(Stored items from a collection)
◇ ◇ ◇

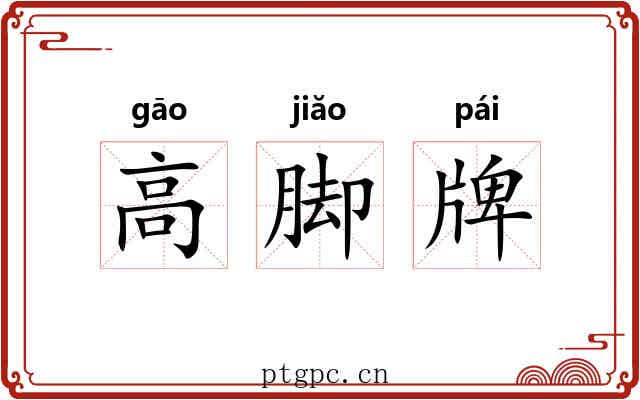 高脚牌 高脚牌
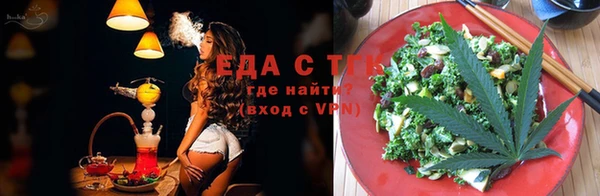 мет Балабаново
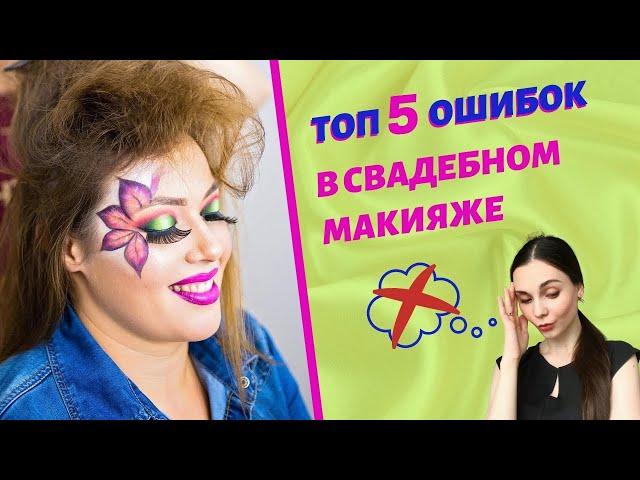 Топ 5 ошибок в свадебном макияже невесты. Антитренды свадебного макияжа 2020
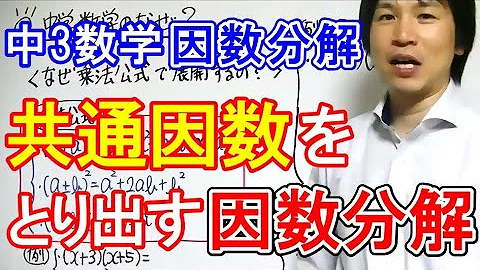 中1祖因数分解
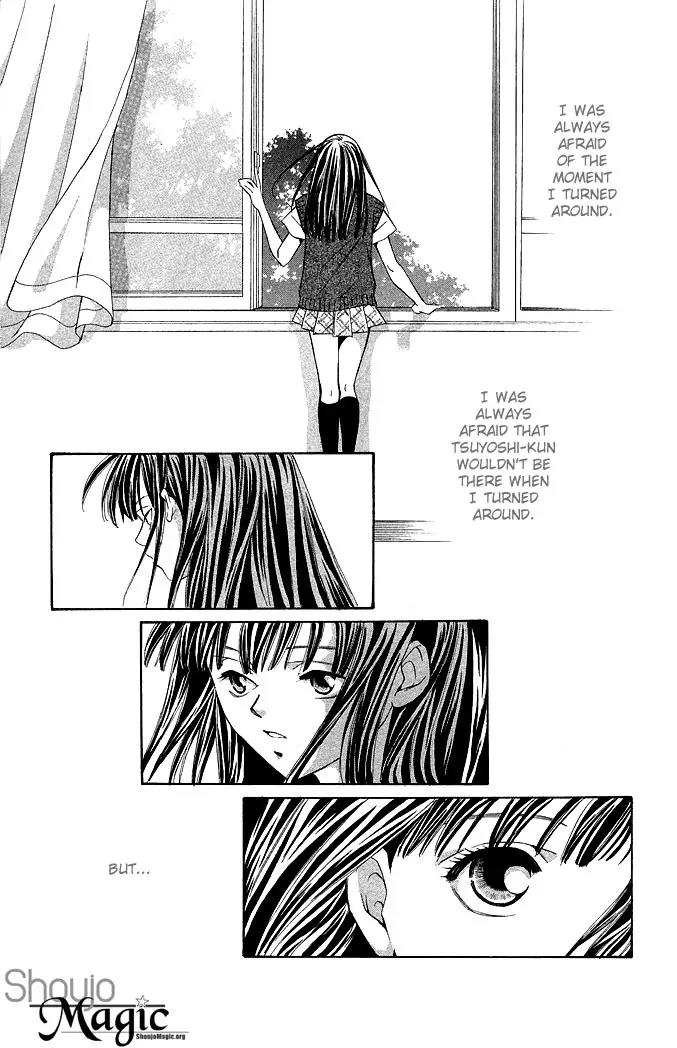 Mucha Kucha Daisuki Chapter 3.9 page 4 - Vol.3 Chapter 9: Crazy in Love - Story 9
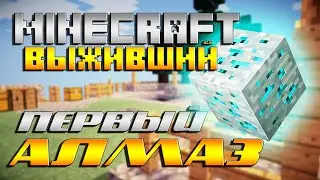 LP MINECRAFT ВЫЖИВШИЙ №8 ПЕРВЫЙ АЛМАЗ!!!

◇ ◇ ◇

Exercise details: Copy out the data verbatim, excluding the pictures.

Answer space:
 高脚牌 高脚牌
 мет Балабаново
 Топ 5 ошибок в свадебном макияже невесты. Антитренды свадебного макияжа 2020
 中1祖因数分解
 Mucha Kucha Daisuki Chapter 3.9 page 4 - Vol.3 Chapter 9: Crazy in Love - Story 9
 LP MINECRAFT ВЫЖИВШИЙ №8 ПЕРВЫЙ АЛМАЗ!!!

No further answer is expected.